While clinicians await the arrival of new treatments, they currently have access to two classes of medications approved by the Food and Drug Administration (FDA) for the treatment of Alzheimer’s disease. These widely used medications have sparked controversy between those who consider them valuable treatment tools and those who regard them as hazardous and costly. Let’s look at the pros and cons of these medications from an evidence-based, yet practical viewpoint.
More than 80 medications are currently being investigated for use in the treatment of Alzheimer's disease. Patients, families, and clinicians are eagerly awaiting the availability of agents that will more effectively control the symptoms of this most common of dementias. Even more exciting, doctors hope for medications that will halt the progress of cognitive decline or even reverse the destructive process that impedes cognitive functions and ultimately kills brain cells.
While clinicians await the arrival of new treatments, they currently have access to two classes of medications approved by the Food and Drug Administration (FDA) for the treatment of Alzheimer's disease. These widely used medications have sparked controversy between those who consider them valuable treatment tools and those who regard them as hazardous and costly. Let’s look at the pros and cons of these medications from an evidence-based, yet practical viewpoint. The FDA approved “cognitive enhancers” fall into two classes.
Donepezil (Aricept), rivastigmine (Exelon), and galantamine (Razadyne) are inhibitors of the enzyme acetylcholinesterase. They work by diminishing the brain’s normal breakdown of the neurotransmitter called acetylcholine, an important player in the transformation of thought and experience into retrievable memories—a miracle so familiar to us that we may take it for granted unless we have seen the chaos that results from its disruption. Each of these medications is available generically. Although this limits their cost, the associated copayments under some insurance plans can pose a significant burden.

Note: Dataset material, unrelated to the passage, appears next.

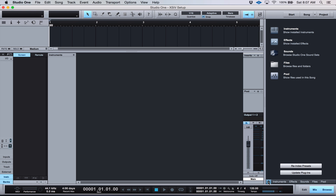Hi, this is Matt from Studio One Expert. I wanted to show you a really cool way to save some time when you're working on song projects. I'd actually forgotten about this little trick, and I want to thank Dave over at Vision Recording Studios for reminding me about it. It's about creating favorite folders for your favorite third-party plugins and their presets — really useful if you have several compressors, reverbs, or EQs you use time and time again, so you're not always scrolling through presets looking for that plugin or preset. You can go to that favorites folder and pull them right up. So I'm going to show you how to do that.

Donepezil and rivastigmine have been approved for mild, moderate, and severe Alzheimer’s disease. Galantamine is approved for mild and moderate stages of the disease. Donepezil is also available in a new and relatively higher dose pill, and rivastigmine is the only one yet available in a skin patch delivery system, suitable for use by patients more amenable to a patch than a pill, or unable to tolerate the gastrointestinal side effects of this class of drugs. These medications share several other side effects that can be clinically significant: disruption of sleep, enhanced risk for bleeding, and slowing of the heart rate to the point of potential danger from fainting or disrupted heart rhythm.
The other class of cognitive enhancers approved for Alzheimer's treatment contains one lonely member, memantine (Namenda). Memantine’s unique mechanism of action involves enhancement of the brain’s sensitivity to an important excitatory amino acid neurotransmitter, glutamate. Glutamate plays a key role in uniting the brain cells that must collaborate to form a specific memory. Glutamate also plays a more sinister role in the brain, contributing to the neuron-destroying process called apoptosis (programmed cell death). Memantine is approved for middle and late stages of Alzheimer's disease and is often combined with a cholinesterase inhibitor once a patient passes beyond the early stage. Memantine’s side effects are often minimal, though occasionally it can enhance or initiate confusion, agitation, constipation, or headache.
Pros and Cons
The effectiveness of these medications appears to be modest but significant for a large number of patients who can tolerate their side effects. At their best, the cognitive enhancers slow down for six months or more the encroachment of Alzheimer's disease on multiple areas of functioning. These medications have been shown to facilitate thinking, to improve performance of activities of daily living, to contribute to the management of some non-cognitive behavioral disturbances, and to reduce the burden of caregiving by perhaps an hour a day.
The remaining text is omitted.